ヤマの事がなければ、応援してあげたいところだけれど。王子だって今まで恋愛に恵まれてきたワケじゃない事を知っているから。けれど、王子の場合はそれで人を好きになるのを止めるワケではない。ヤマよりは重症じゃない。だから出来ればヤマに譲ってやって欲しい。

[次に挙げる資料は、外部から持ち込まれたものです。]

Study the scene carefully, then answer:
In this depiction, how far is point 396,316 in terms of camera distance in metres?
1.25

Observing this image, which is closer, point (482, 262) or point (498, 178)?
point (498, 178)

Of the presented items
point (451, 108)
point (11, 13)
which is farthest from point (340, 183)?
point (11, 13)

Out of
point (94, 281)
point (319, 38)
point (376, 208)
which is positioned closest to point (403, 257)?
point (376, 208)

しかし、恐るべきはモリーだよ。この王子にネコ耳を着けさせるとは。それだけ王子がモリーの事を好きになったと言う事なんだろうなぁ。これは、俺の方でヤマを早くその気にさせないと駄目かも。
「カワ? やっぱり、駄目……だよね?」
「俺がどうこう言う権利はないけど……。それよりさぁ、服……着たら?」
俺は全裸の王子を頭の先から爪先まで見てそう言った。仕事で何度も見てるけどさ。悔しい程にバランスのいい身体つき。ここで働いているよりも、モデルかなんかになった方が良かったんじゃないのかと思う。
「酷いなぁ。ここに引っ張って来たのカワじゃない?」
そう言って苦笑する王子。モリーはどっちとくっついたら、幸せになれるんだろうか。それとも、他の男が幸せにするのかな?

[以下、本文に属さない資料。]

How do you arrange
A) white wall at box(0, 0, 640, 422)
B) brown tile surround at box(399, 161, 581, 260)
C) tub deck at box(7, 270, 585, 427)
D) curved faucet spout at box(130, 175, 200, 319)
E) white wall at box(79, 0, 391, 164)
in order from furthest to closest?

「そうだったっけぇ? まあ、早く服を着てきなよ。もう、そろそろ昼だよ? 早く社食に行こうよ」
「ああ、ゴメン。今日からシモ達と三人で行ってくれる? たまちゃん、お弁当だから……。僕もそうしようかと思って……」
やばい。そこまですると言う事は、王子はかなり本気モードって事だ。そんな急に気持ちって育つものなの? モリー……。本当に怖い子だねぇ。これは、のんびり構えていられないかもなぁ。
この時の俺は、モリーの恋のお相手どうこうよりも、ヤマの事ばかりを気に掛けていた。その俺が、親友であるヤマを差し置いて、モリーの事を想う日がくるなんて、思ってもいなかったのだった。